## Records drawn from a dataset

- Opening Delimiter -

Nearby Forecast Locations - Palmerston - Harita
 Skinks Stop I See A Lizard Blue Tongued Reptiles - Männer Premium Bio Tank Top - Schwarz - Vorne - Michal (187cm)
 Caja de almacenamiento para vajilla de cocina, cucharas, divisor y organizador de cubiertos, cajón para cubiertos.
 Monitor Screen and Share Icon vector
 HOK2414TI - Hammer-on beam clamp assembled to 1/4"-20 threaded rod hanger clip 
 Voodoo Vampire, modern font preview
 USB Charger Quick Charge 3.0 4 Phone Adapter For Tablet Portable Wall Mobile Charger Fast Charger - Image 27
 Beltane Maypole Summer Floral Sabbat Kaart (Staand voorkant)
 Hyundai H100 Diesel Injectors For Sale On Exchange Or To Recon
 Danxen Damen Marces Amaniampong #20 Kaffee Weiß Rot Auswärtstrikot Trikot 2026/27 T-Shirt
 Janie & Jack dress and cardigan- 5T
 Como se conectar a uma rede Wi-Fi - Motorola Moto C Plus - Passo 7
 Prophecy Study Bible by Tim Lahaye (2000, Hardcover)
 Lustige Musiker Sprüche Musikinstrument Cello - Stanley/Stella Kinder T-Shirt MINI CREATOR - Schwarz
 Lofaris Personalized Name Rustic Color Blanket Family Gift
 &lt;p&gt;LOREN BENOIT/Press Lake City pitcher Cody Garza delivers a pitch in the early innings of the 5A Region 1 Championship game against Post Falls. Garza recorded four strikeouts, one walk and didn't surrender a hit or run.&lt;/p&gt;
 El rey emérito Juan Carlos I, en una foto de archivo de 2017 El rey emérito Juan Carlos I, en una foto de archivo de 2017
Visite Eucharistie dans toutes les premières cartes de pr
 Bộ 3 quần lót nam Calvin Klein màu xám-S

- Closing Delimiter -

## WHAT THIS TASK INVOLVES
Which lines of the data contain the word "Schwarz"? Copy each one.

## FINISHED TASK
 Skinks Stop I See A Lizard Blue Tongued Reptiles - Männer Premium Bio Tank Top - Schwarz - Vorne - Michal (187cm)
 Lustige Musiker Sprüche Musikinstrument Cello - Stanley/Stella Kinder T-Shirt MINI CREATOR - Schwarz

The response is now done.